While working on nullability annotation for System.Data.Common, I ran across some odd and inconsistent behavior when GetSchemaTable and GetColumnSchema are called and a resultset isn't present (e.g. a non-SELECT statement was executed, or NextResult was called and returned false).
I vote for option 3. It would allow the method to cleanly return a non-nullable DataTable
c#
[Fact]
public virtual void GetSchemaTable_returns_null_when_no_resultset()
{
using var connection = CreateOpenConnection();
using var command = connection.CreateCommand();
command.CommandText = "SELECT 1";
using var reader = command.ExecuteReader();
reader.NextResult();
Assert.Null(reader.GetSchemaTable());
}
/cc @cheenamalhotra @David-Engel @saurabh500 @Wraith2 @bgrainger @bricelam @ajcvickers @AndriySvyryd
/cc @ErikEJ
/cc @FransBouma
The current behaviour in MySqlConnector was due to https://github.com/mysql-net/AdoNetApiTest/issues/28; see also https://github.com/mysql-net/MySqlConnector/issues/678.
Forgot about that conversation :)
How would you feel about my suggestion of returning an empty DataTable/column collection for these methods?
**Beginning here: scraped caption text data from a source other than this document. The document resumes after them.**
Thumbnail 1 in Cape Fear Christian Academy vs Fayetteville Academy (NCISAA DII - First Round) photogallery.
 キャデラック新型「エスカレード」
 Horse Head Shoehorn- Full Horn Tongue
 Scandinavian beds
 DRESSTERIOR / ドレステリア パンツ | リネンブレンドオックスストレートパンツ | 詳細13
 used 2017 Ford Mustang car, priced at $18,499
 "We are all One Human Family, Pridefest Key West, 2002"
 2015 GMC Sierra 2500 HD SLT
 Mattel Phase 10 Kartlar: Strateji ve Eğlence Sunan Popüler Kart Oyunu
It wouldn't be a breaking change for you (as the methods currently throw), and it seems consistent with the idea of no resultset having "zero columns" (as expressed by FieldCount).
I vote for option 3, too. Seems cleaner, more logical, and easier to code against.
- We could make SqlClient and Npgsql return an empty list
Do you mean "DataTable", not "list"?
How would you feel about my suggestion of returning an empty DataTable/column collection for these methods?
I have no objection; there's value in consistency and I doubt anyone is relying on the current behaviour (of throwing an exception).
Do you mean "DataTable", not "list"?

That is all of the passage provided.